18 de outubro de 2021 Críticas

Em 2017, a exposição Queermuseu foi censurada em Porto Alegre por denúncias de “pedofilia” e “uso inapropriado de imagens de menores”. Dentre as obras acusadas de conteúdo impróprio estavam as telas de Bia Leite da série Criança Viada. As pinturas foram inspiradas no Tumblr de mesmo nome que reunia, desde 2014, fotos enviadas por pessoas LGBTQIA+ quando crianças e que continham indícios de “viadagem”. No centro de toda a discussão que culminou na censura à mostra estava o pensamento de que não se deve associar crianças a discussões de gênero e sexualidade. Mas como provam as fotos do Tumblr em questão (enviadas pelos próprios fotografados, já adultos), todo LGBTQIA+ foi criança um dia, e parte deste grupo se reconhece como o que se convencionou chamar popularmente de criança viada.

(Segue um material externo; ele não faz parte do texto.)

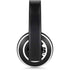 MLB Chicago Cubs Dark Wash PlayStation 4 Gold Wireless Headset Skin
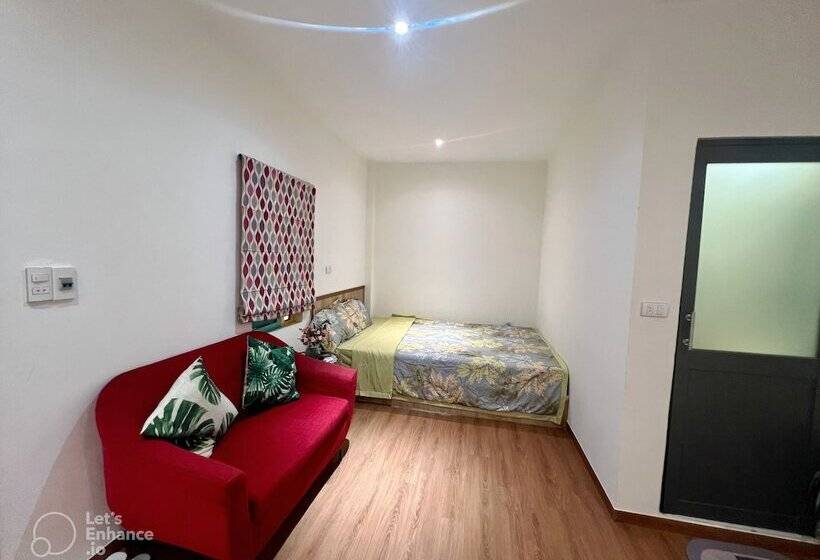 Bed and Breakfast Soho Homestay Phu Quoc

Originalmente usados de forma pejorativa, termos como “viado”, “bicha”, “cacura” e outros vêm sendo apropriados e ressignificados nos últimos tempos por membros da comunidade LGBTQIA+. “Ressignificar”, inclusive, tem sido uma palavra-chave para muitos dos procedimentos utilizados por grupos minorizados em busca de visibilidade, aceitação e ocupação de espaços. “Ressignificar” também parece ser a palavra que norteia a criação do espetáculo infantojuvenil O príncipe desencantado, da Bacana Produções Artísticas, de São Paulo. Tendo sua estreia acontecido, coincidentemente, no mesmo ano em que Queermuseu era censurada, a peça retornou no mês de junho (mês da visibilidade LGBTQIA+) de 2021 para uma temporada online, com pequenas adaptações para tempos de pandemia. Livremente inspirada no romance inglês Koning en Koning (Rei & Rei), de Linda de Haan e Stern Nijland, e em experiências pessoais do autor Rodrigo Alfer (que também dirige a obra), a trama é conduzida pelos atores Davi Novaes, Cicero de Andrade, Manu Littiéry, Lindsay Lohanne, Marcella Piccin, Silvano Vieira e Vanessa Rodrigues e pelos músicos Clara Dum, Diana Bueno e Diego Albuquerque.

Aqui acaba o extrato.